Let \(f(x)=x^4-6x^3+8x^2+6x-9\). Find all the roots for \(f(x)\).

Solution:

It should be obvious that \(x=0\) is not a root. Therefore, we will move on to \(x=1\). Using the remainder theorem we will see if \(f(1)=0\).

\[\begin{align*} & \phantom{xxxxxxx}1\phantom{xx}-5\phantom{xxx}3\phantom{xxx}9\\ 1 & )\overline{\phantom{x}1\phantom{xx}-6\phantom{xxxx}8\phantom{xxx}6\phantom{x}-9}\\ + & \underline{\phantom{xxxxxxx}1\phantom{xx}-5\phantom{xxx}3\phantom{xxx}9}\\ & \phantom{xxxxx}-5\phantom{xxxx}3\phantom{xxx}9\phantom{xxx}0 \end{align*}\]

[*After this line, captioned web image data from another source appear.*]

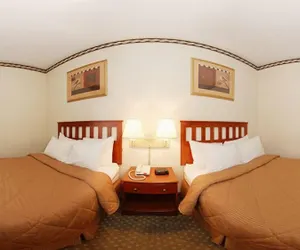 Photo 3 - Crescent Hotel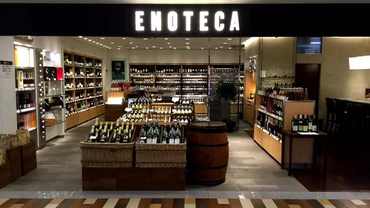 ワインショップ・エノテカ 二子玉川東急フードショー店 世界中のワインを取り揃えています♪
中にはレアなヴィンテージワインも…
ワインの知識は今後の生活で役立つこと間違いなし！
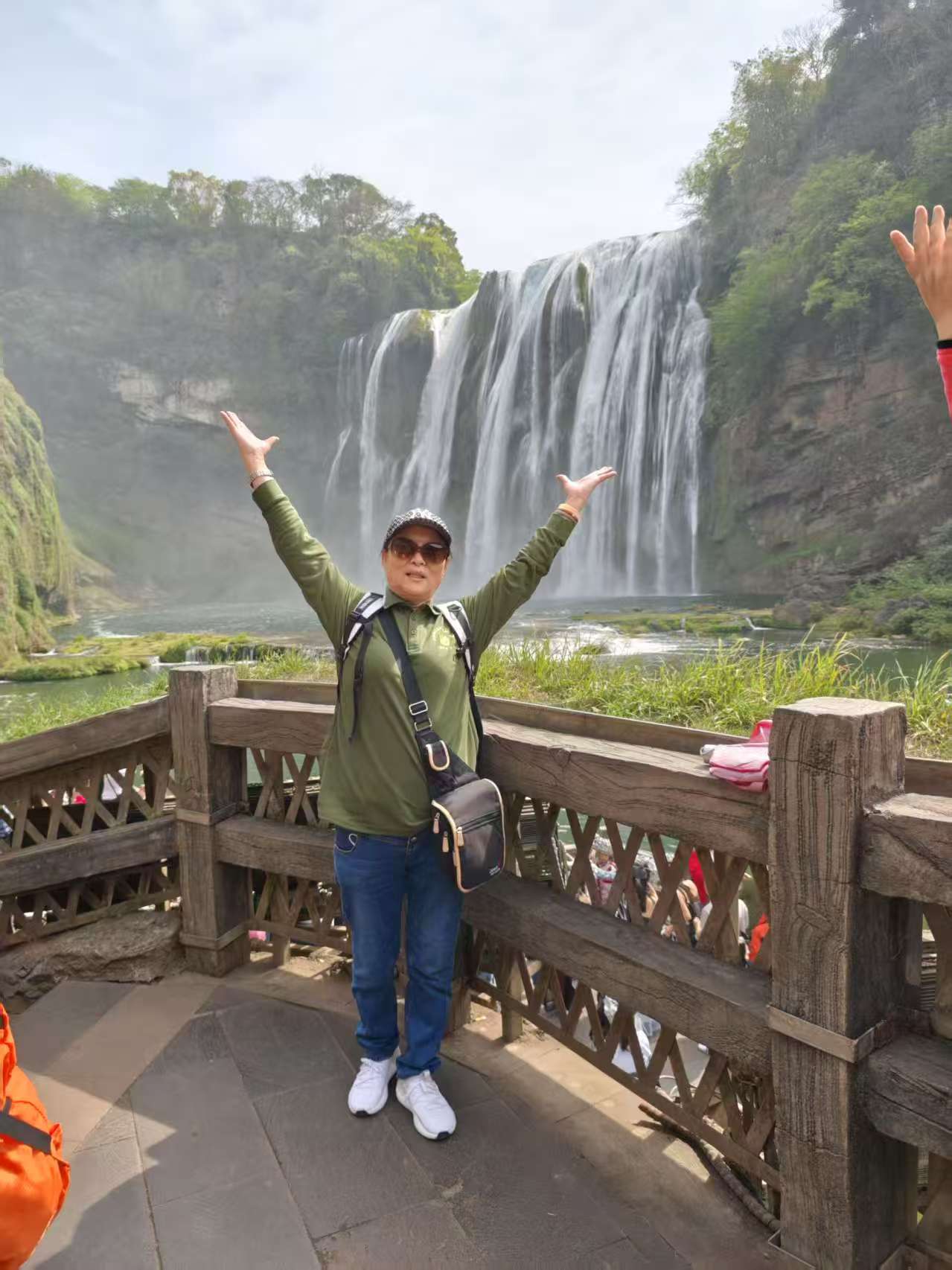   闪光的青春(图3)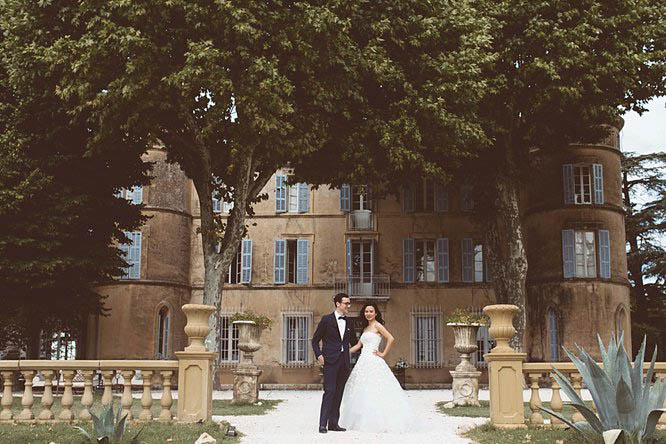 wedding photographers chateau de robernier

This means, \(f(1)=0\) and

\[f(x)=(x-1)(x^3-5x^2+3x+9)\]

We then want to see if \(f(-1)=0\). Using the remainder theorem we will evaluate \(x^3-5x^2+3x+9\) at \(x=-1\).

\[\begin{align*} & \phantom{xxxxxxx}1\phantom{xx}-6\phantom{xxxx}9\\ 1 & )\overline{\phantom{x}1\phantom{xx}-5\phantom{xxxx}3\phantom{xxxx}9}\\ + & \underline{\phantom{xxxxxxx}1\phantom{xxxx}6\phantom{xx}-9}\\ & \phantom{xxxxx}-6\phantom{xxxx}3\phantom{xxxx}0 \end{align*}\]

This means, \(f(-1)=0\) and

\[f(x)=(x-1)(x+1)(x^2-6x+9)\]

Looking at \(x^2-6x+9\) we know that it factors to \((x-3)(x-3)\). Therefore,

\[f(x)=(x-1)(x+1)(x-3)^2\]

and all the roots of \(f\) is \(\{1,-1,3\}\).

In the next section, we will discover how to find all possible rational roots. This will help find zero of polynomials more efficiently.